┌─ Supplied entries

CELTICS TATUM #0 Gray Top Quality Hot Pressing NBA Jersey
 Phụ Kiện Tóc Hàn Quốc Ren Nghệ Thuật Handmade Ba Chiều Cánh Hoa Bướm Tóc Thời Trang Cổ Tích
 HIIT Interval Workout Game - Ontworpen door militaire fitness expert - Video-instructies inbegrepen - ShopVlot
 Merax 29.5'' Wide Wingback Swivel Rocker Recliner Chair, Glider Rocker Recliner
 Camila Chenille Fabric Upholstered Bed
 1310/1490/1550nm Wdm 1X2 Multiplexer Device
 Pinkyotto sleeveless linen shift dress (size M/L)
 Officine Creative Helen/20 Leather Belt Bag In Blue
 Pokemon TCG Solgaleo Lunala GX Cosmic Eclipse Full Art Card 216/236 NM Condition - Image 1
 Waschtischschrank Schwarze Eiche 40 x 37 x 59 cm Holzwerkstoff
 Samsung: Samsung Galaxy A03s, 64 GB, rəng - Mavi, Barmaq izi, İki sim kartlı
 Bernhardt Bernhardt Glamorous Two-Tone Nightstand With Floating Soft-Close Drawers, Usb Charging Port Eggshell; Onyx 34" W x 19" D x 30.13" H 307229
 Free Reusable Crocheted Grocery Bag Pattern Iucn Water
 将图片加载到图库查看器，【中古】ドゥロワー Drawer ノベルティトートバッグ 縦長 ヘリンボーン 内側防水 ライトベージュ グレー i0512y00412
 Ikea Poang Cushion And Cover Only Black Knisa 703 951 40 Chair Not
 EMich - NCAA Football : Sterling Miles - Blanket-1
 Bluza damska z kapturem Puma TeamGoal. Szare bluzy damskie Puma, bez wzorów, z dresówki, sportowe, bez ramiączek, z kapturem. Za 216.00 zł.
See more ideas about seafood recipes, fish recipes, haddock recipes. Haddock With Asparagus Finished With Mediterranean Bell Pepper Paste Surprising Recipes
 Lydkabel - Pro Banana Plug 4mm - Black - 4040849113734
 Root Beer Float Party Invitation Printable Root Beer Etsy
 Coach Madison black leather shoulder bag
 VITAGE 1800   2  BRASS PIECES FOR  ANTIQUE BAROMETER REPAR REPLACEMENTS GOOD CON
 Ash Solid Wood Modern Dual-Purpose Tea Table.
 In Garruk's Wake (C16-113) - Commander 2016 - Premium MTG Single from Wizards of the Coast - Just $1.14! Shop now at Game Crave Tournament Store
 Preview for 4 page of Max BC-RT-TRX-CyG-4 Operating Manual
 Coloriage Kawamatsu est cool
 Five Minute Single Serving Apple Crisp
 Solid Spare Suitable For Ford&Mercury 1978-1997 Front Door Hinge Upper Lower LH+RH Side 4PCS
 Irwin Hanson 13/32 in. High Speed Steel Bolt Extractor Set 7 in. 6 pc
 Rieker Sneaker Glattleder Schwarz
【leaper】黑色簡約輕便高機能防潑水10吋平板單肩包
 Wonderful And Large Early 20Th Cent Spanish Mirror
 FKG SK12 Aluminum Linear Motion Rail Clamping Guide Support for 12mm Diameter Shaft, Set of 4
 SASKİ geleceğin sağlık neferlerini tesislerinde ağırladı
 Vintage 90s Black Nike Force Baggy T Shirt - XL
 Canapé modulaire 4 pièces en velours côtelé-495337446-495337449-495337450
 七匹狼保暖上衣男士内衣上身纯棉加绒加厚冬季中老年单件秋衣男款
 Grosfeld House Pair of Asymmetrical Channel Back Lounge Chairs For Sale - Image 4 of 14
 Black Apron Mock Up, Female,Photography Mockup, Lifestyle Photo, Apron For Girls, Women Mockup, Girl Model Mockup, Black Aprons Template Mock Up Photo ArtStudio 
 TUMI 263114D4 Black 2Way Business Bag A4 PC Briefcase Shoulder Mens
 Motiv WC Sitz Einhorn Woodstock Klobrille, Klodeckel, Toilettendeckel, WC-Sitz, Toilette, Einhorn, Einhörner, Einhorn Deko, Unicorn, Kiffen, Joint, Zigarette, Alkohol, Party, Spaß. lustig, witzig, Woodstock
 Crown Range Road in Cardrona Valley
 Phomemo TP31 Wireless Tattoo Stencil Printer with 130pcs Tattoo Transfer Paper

└─

◆ **To do**
Set down, exactly as they stand above, the lines starting with the line with "Pinkyotto sleeveless linen" and going on through the line with "Waschtischschrank Schwarze Eiche", and no others.

◆ **Response area**
 Pinkyotto sleeveless linen shift dress (size M/L)
 Officine Creative Helen/20 Leather Belt Bag In Blue
 Pokemon TCG Solgaleo Lunala GX Cosmic Eclipse Full Art Card 216/236 NM Condition - Image 1
 Waschtischschrank Schwarze Eiche 40 x 37 x 59 cm Holzwerkstoff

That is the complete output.